### Data provided
BEGIN

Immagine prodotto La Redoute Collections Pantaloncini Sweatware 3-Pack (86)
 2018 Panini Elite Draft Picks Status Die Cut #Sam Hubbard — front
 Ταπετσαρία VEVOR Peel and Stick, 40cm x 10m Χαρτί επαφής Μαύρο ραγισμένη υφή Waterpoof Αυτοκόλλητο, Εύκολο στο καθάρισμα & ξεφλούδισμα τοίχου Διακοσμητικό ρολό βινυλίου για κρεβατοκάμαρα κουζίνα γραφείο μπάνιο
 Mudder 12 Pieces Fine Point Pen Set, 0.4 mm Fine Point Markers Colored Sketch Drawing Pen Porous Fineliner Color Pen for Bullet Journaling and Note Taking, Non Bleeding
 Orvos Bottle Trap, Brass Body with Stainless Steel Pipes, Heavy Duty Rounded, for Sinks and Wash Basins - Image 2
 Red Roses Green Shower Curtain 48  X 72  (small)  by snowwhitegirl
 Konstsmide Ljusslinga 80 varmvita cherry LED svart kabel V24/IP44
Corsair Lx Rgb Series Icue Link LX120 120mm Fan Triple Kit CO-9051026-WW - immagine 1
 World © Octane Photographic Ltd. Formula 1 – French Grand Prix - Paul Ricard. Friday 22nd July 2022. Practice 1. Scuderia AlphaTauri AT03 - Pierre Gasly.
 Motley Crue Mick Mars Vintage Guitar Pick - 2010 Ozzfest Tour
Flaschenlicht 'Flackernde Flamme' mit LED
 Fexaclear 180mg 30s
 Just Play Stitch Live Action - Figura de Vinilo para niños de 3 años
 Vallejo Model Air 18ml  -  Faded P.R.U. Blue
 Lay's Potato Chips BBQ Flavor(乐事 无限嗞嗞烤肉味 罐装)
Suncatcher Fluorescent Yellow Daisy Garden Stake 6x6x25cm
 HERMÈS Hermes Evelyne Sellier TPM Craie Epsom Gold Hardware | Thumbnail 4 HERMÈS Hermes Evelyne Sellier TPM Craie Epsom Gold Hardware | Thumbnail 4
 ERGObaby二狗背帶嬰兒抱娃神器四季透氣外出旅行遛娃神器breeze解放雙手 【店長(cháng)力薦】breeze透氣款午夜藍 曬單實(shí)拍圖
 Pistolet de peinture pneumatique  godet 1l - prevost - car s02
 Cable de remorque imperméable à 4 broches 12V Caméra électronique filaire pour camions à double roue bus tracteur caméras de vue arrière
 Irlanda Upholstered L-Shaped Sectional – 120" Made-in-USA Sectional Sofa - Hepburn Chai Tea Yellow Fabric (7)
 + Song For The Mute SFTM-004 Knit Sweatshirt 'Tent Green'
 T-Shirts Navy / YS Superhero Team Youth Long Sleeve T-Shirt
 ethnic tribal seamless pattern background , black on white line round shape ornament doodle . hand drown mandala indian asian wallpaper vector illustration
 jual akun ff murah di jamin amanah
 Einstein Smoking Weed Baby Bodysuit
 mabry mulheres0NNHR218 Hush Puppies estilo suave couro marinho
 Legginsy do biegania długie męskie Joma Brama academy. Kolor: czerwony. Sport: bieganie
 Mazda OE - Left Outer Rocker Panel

END

### Assigned task
In how many lines of the listing does the word "Yellow" appear? Give the number by itself.

### Answer section
2